----- Data for this task -----

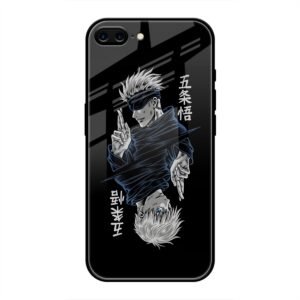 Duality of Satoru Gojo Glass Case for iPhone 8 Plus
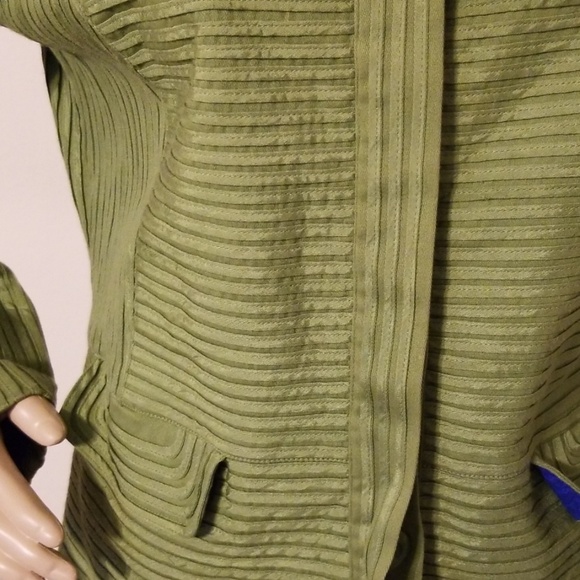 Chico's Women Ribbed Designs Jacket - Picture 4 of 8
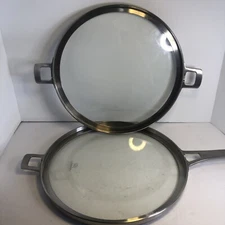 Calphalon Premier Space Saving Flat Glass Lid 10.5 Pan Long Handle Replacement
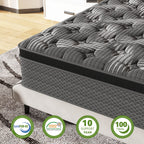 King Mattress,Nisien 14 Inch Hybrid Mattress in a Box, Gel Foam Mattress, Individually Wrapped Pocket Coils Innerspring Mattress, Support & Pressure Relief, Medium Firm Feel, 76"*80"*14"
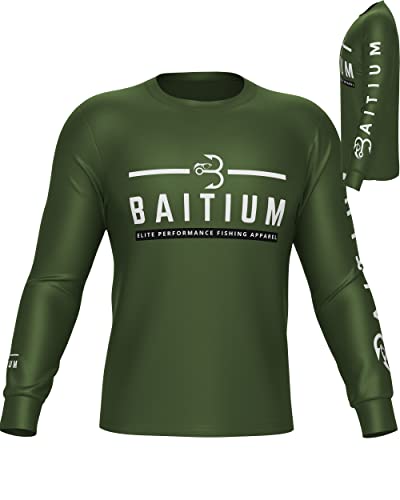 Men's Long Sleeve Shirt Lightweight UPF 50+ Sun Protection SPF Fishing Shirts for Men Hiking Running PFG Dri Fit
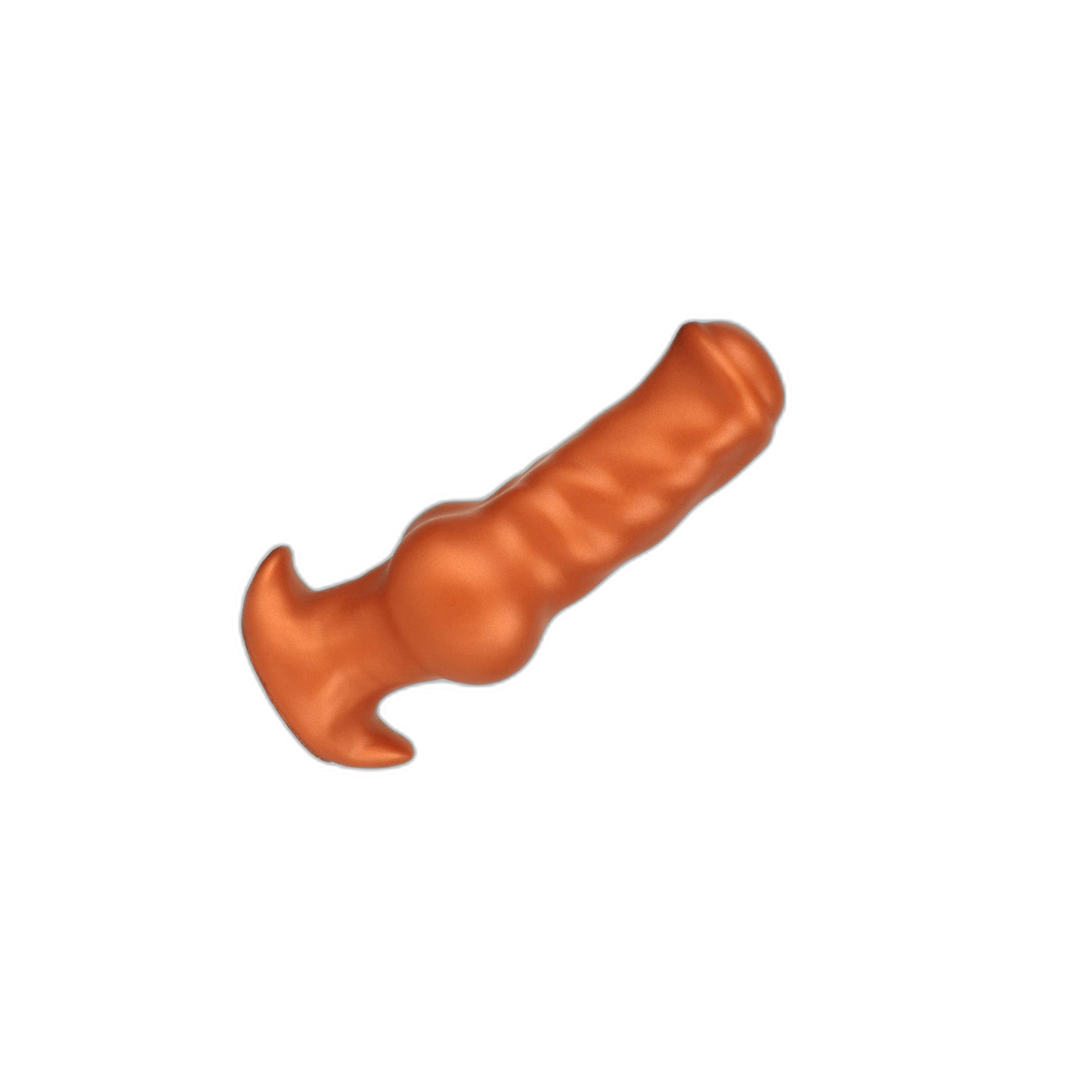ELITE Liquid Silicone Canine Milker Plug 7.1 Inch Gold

-----

→ **Goal of the exercise**
Leaving all pictures aside, quote each record exactly.

→ **Answer space**
 Duality of Satoru Gojo Glass Case for iPhone 8 Plus
 Chico's Women Ribbed Designs Jacket - Picture 4 of 8
 Calphalon Premier Space Saving Flat Glass Lid 10.5 Pan Long Handle Replacement
 King Mattress,Nisien 14 Inch Hybrid Mattress in a Box, Gel Foam Mattress, Individually Wrapped Pocket Coils Innerspring Mattress, Support & Pressure Relief, Medium Firm Feel, 76"*80"*14"
 Men's Long Sleeve Shirt Lightweight UPF 50+ Sun Protection SPF Fishing Shirts for Men Hiking Running PFG Dri Fit
ELITE Liquid Silicone Canine Milker Plug 7.1 Inch Gold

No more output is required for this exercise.